In any case McDonalds isn’t selling a co-branded Beyond Meat product, they’re selling the McPlant. Beyond Meat’s moat looks very shaky here.

It seems likely that Beyond Meat is only getting these contracts as it’s a relatively cheap way for McDonalds to test the substitute market before producing their own alternatives. It makes no business sense for them to hand over the core of their product to BM when it’s likely they can create something similar in-house.



Okay but Pizza Hut literally brands it as Beyond: https://www.pizzahut.com/c/content/beyond-meat-pizzas/index....

and so does KFC? https://global.kfc.com/press-releases/kfc-beyond-fried-chick...

so I think this doesn't fully explain it?


Both of those are Yum brands, so it is really a single deal.
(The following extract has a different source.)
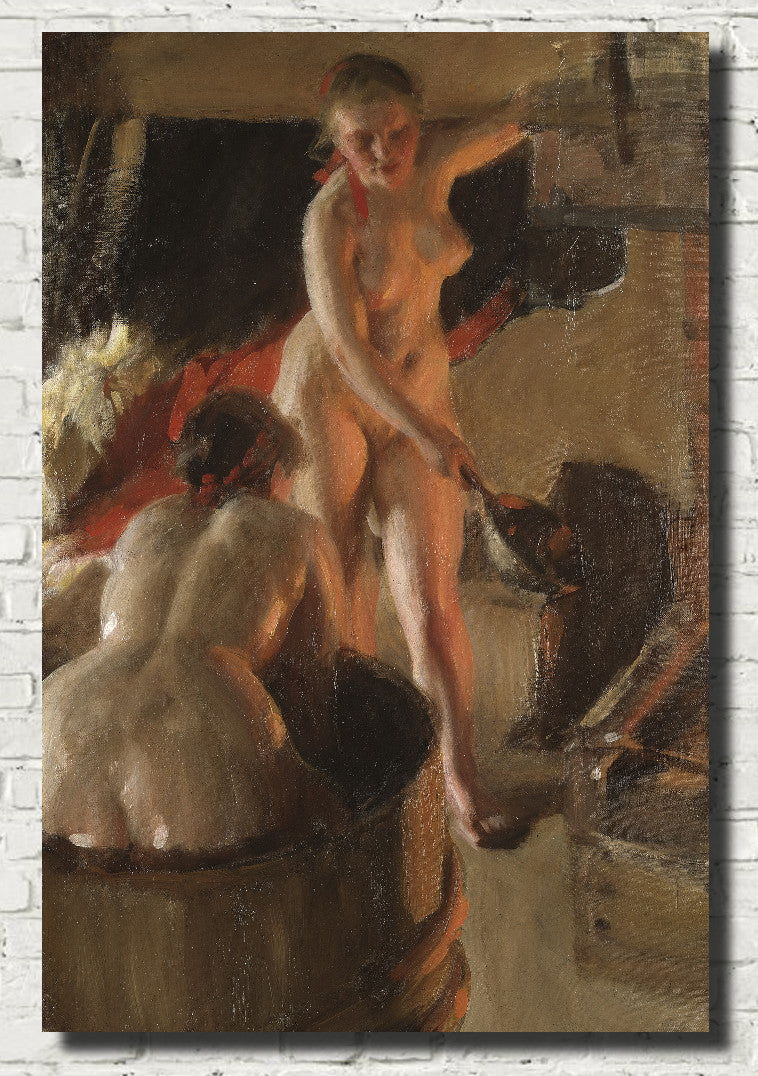 Girls from Dalarna Having a Bath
Looks like you have one deal that is branded but chicken and pizza places are not going to drive a huge amount of visibility into the segment that Beyond wants (cheap burgers) and I suspect previous comment is correct regarding McD wanting to test the waters while they work on their own solution.


Agreed. The only food items that McDs have not vertically integrated are sodas, everything else is bound to end up part of their supply chain.


Not sure what you mean by "vertically integrated" they do not own cattle ranches or potato farms. They buy Heinz or Hunts catsup, etc. They do have a lot of proprietary recipes and process, but the ingredients are mostly sourced from other wholesale producers.


The cattle ranches and potato farms don't have their names or logos on the burgers or fries. McDonalds can swap them out at any time.

Soda, on the other hand, is Coke's product and brand completely.


Yes, this is hardly different from any other restaurant.


>Beyond Meat’s moat looks very shaky here.

Beyond doesn't have a moat. They make veggie burgers.

They became super popular when impossible burger started making the rounds on the news and rode the wave of interest impossible burger created.

Impossible burger has a moat - they have yeast produced heme and I assume some patents on it.

Beyond meat makes veggie burgers. They have no moat.


Can they create something similar in-house? Beyond and particularly Impossible appear to be far ahead of the competition in meat substitutes, and presumably they each have close to 20yr left on their patents. It doesn't look so easy to rival the leaders in this space.


Exactly, and Beyond Meat is only the "preferred supplier". BM probably has to meet quantity and price targets or they are done. Good luck building up big profit margins.